[Records contained in a dataset]
>>>>>
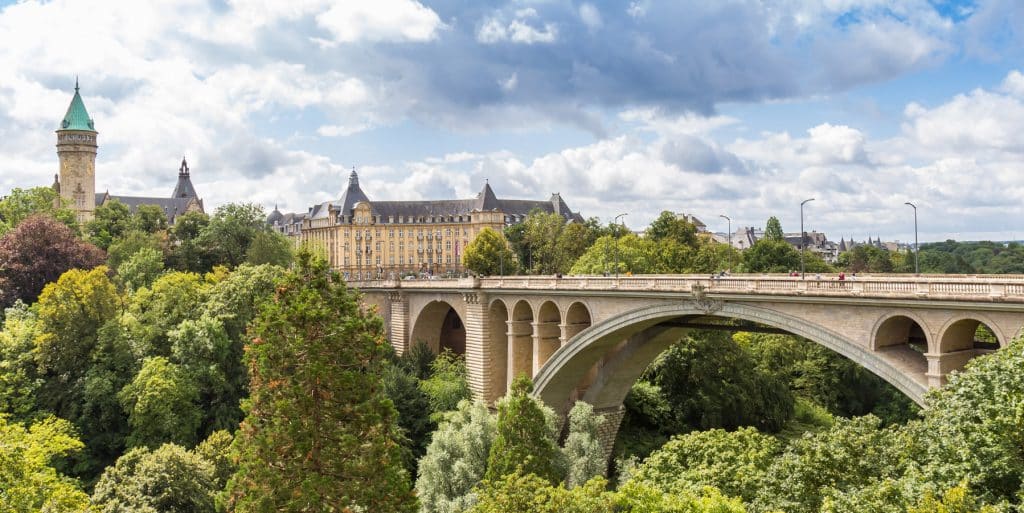 view on Luxembourg city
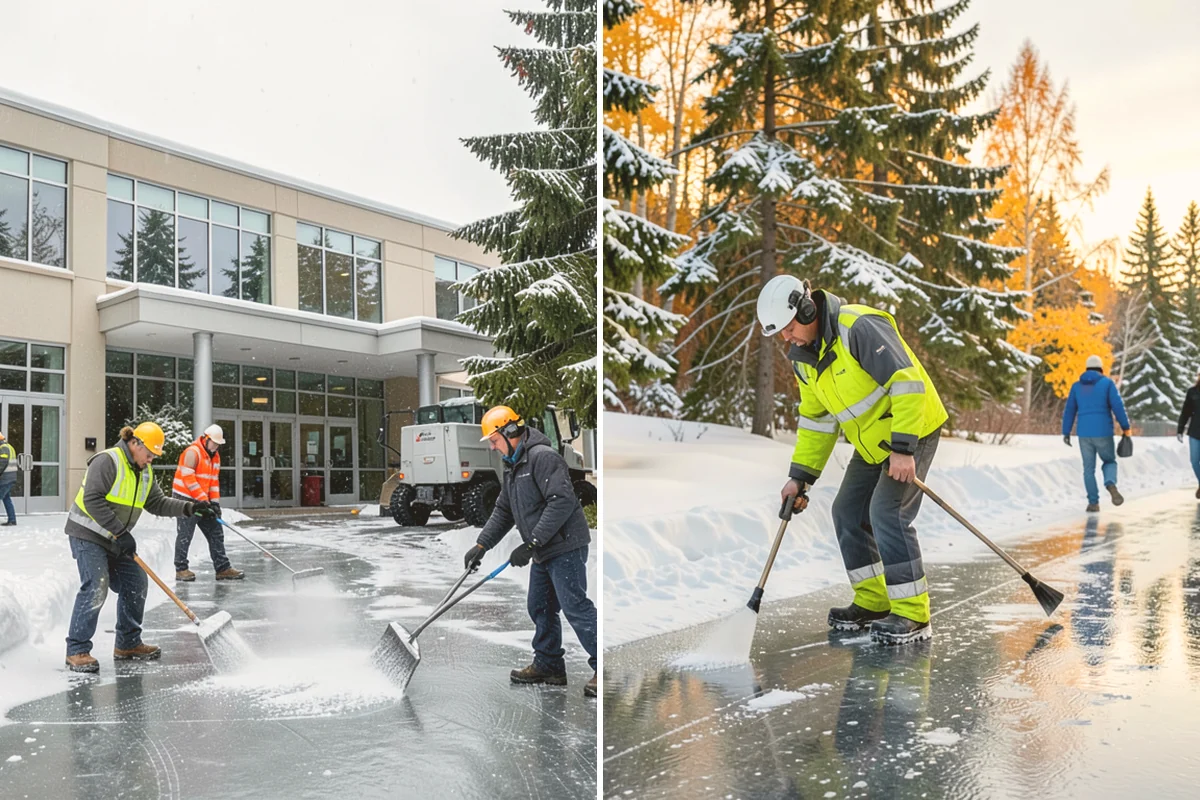 Daycare Snow Plowing in Orting, Pierce County, WA - Confirm opening time and mark the drop-off lane as top priority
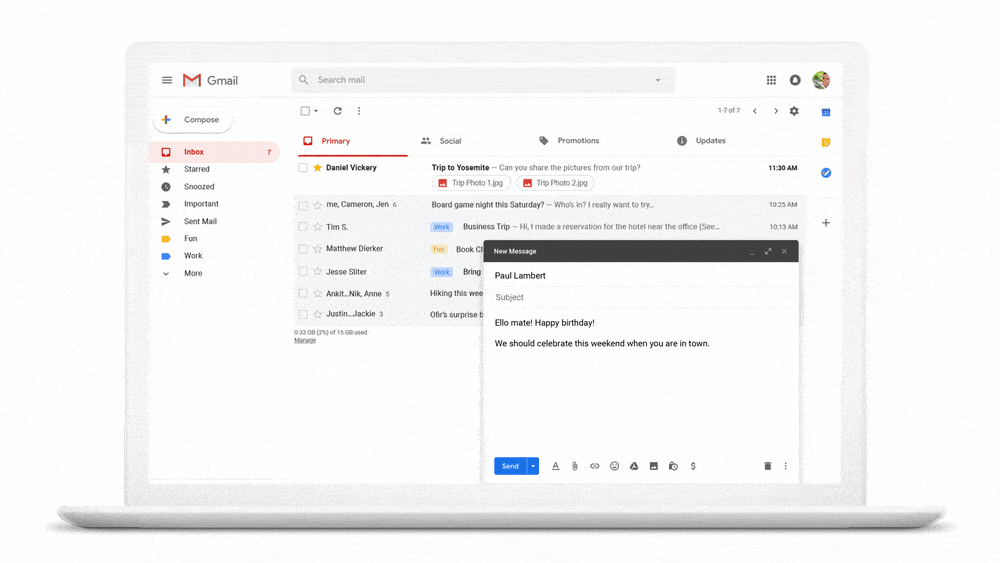 Gmail Smart Compose Suggested Subject Line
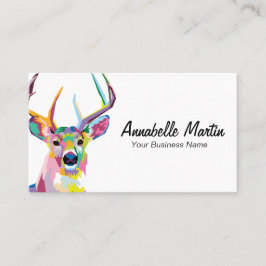 アーカラフルトポップ・アートの鹿 名刺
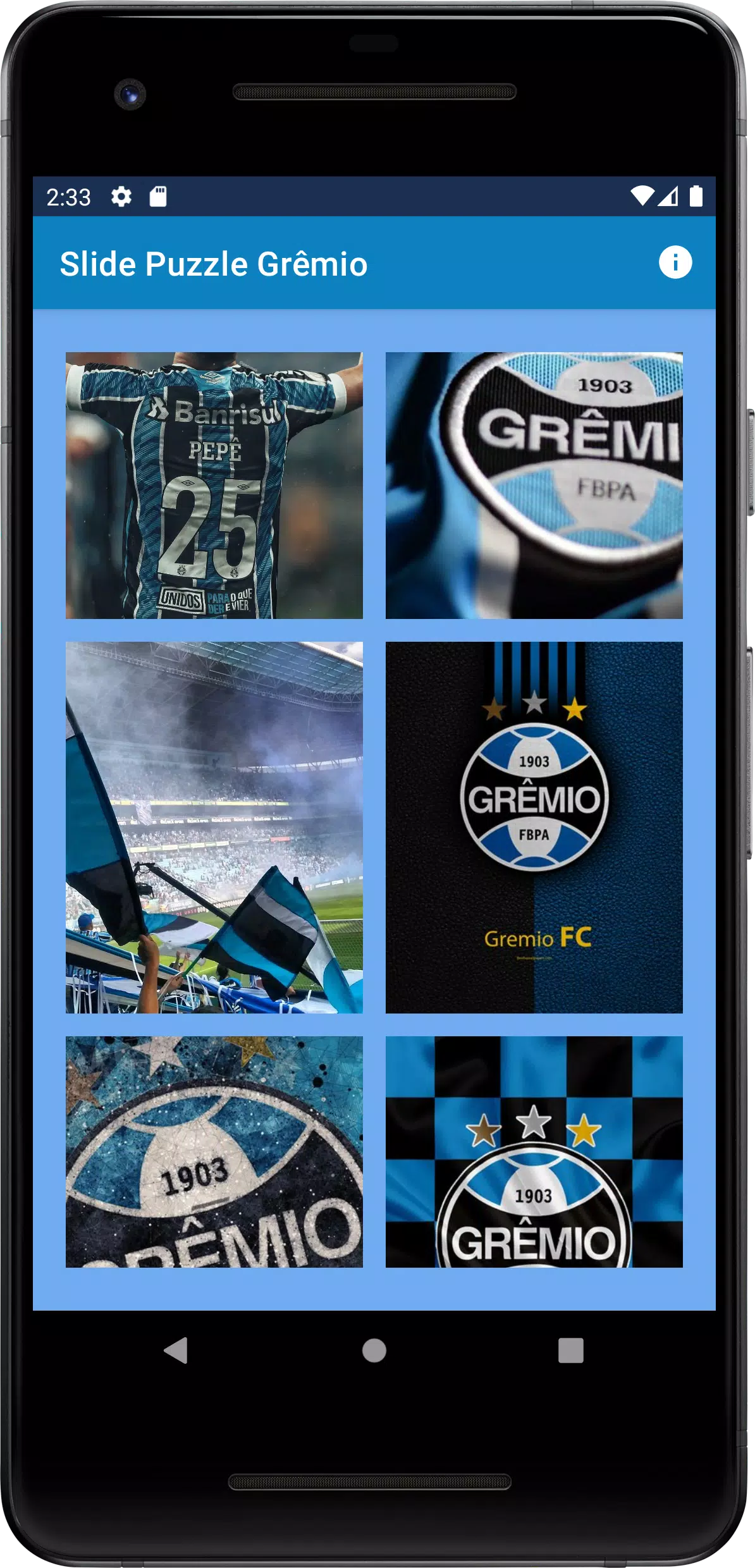 Slide Puzzle Gremio Screenshots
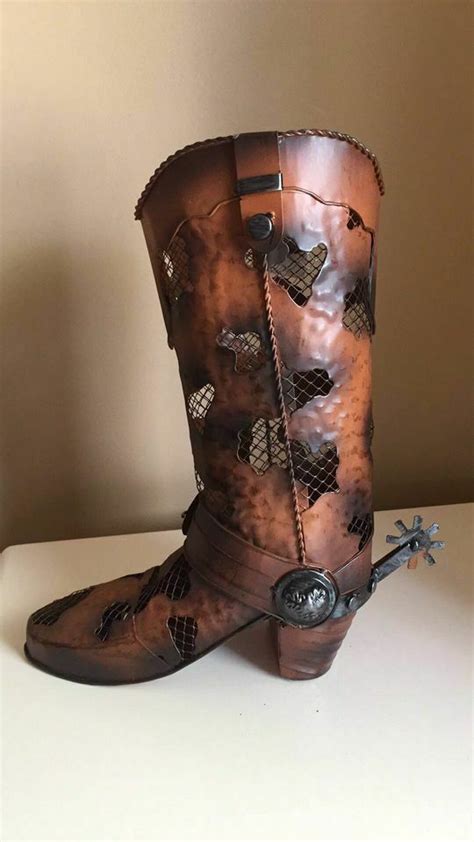 Decorative Metal Cowboy Boots eBay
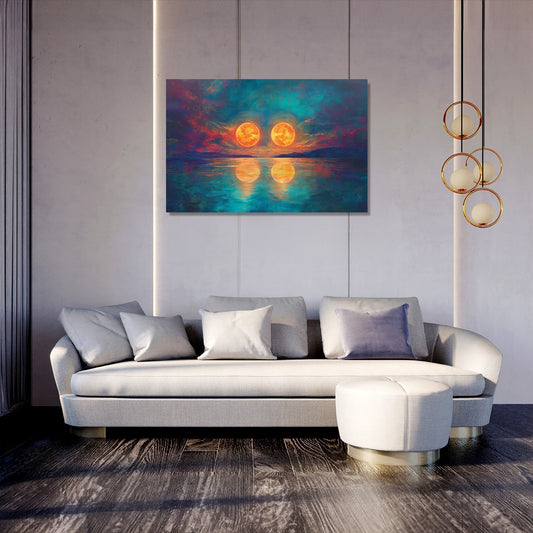 Twin Suns Enigma Canvas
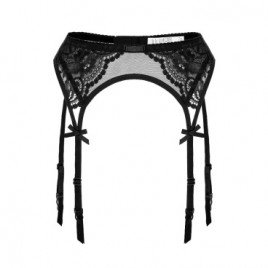 Midnight Lace Garter Belt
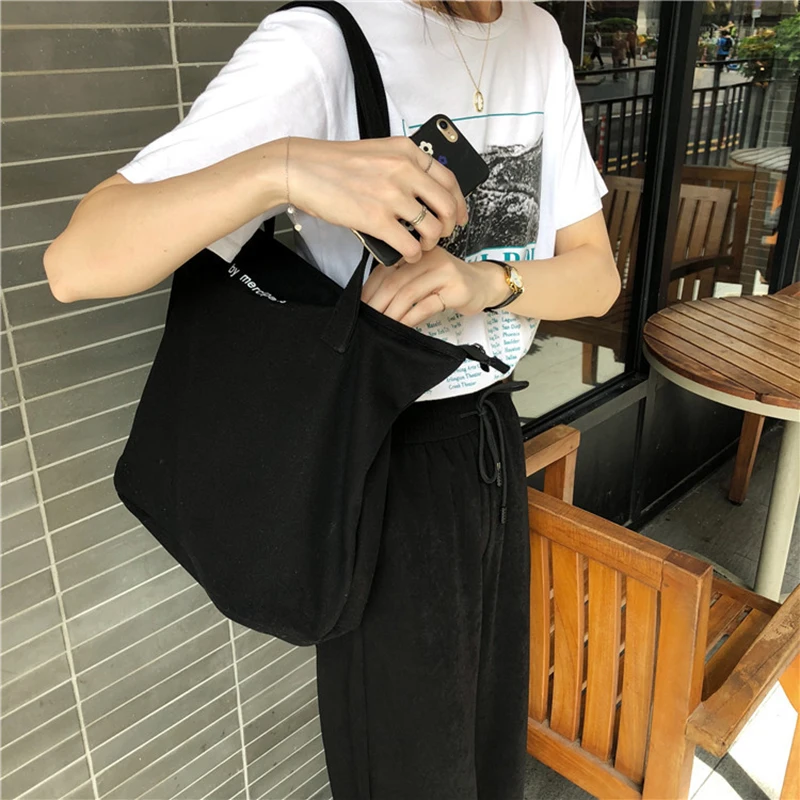 Холщовая Сумка для шоппинга многоразовая однотонная Экологичная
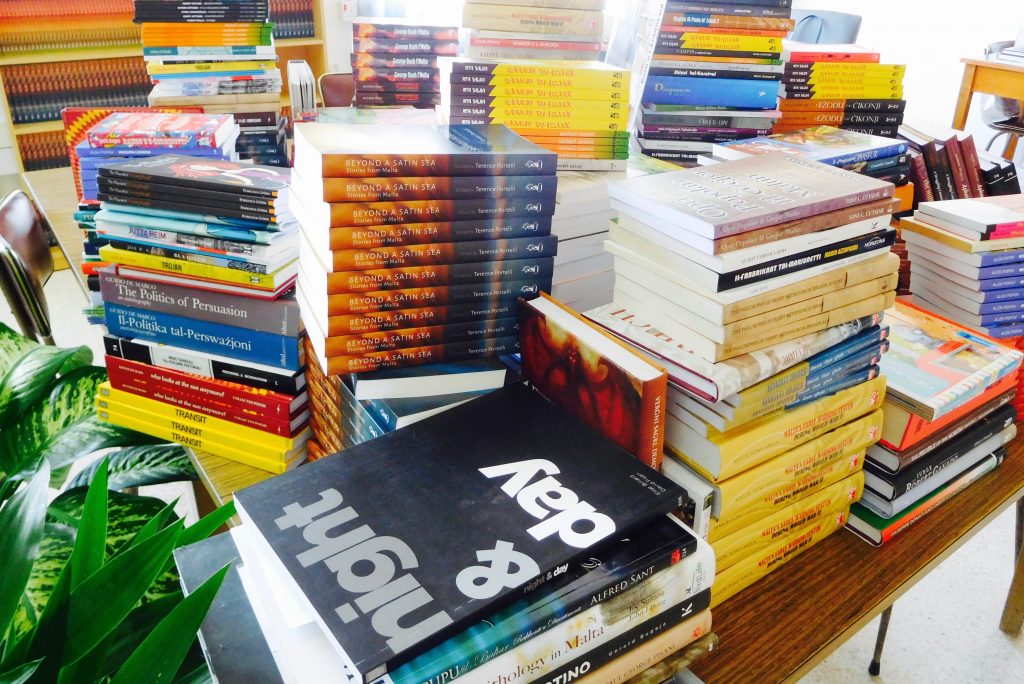 Book Donation to Malta Libraries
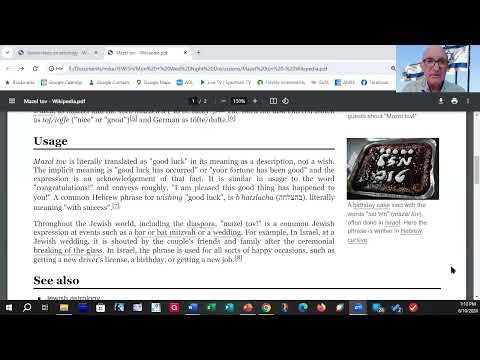 Mazel Tov and Jewish Astrology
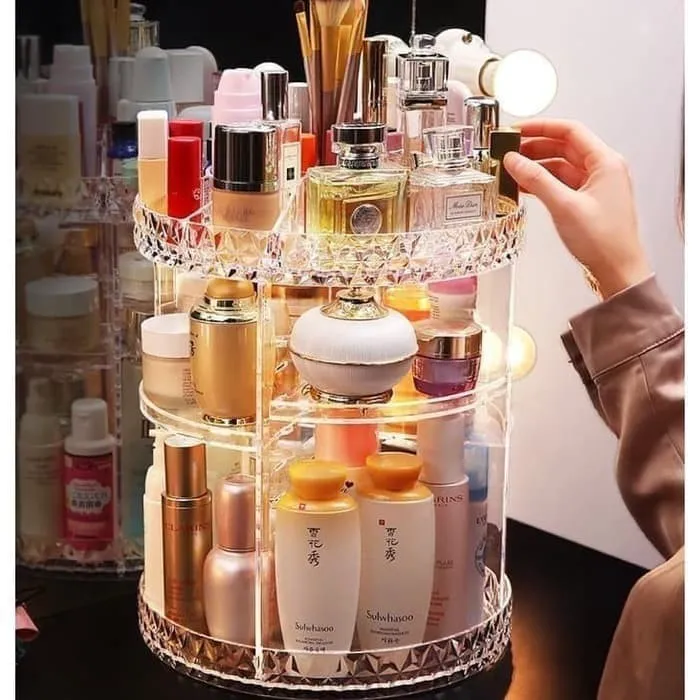 rak kosmetik putar 360 vanstar rp. 48,000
<<<<<
▶ **Problem statement**
Leaving out all pictures, print exactly the lines above from the one containing "Daycare Snow Plowing" through the last line of the entries.

▶ **Reply to the exercise**
 Daycare Snow Plowing in Orting, Pierce County, WA - Confirm opening time and mark the drop-off lane as top priority
 Gmail Smart Compose Suggested Subject Line
 アーカラフルトポップ・アートの鹿 名刺
 Slide Puzzle Gremio Screenshots
 Decorative Metal Cowboy Boots eBay
 Twin Suns Enigma Canvas
 Midnight Lace Garter Belt
 Холщовая Сумка для шоппинга многоразовая однотонная Экологичная
 Book Donation to Malta Libraries
 Mazel Tov and Jewish Astrology
 rak kosmetik putar 360 vanstar rp. 48,000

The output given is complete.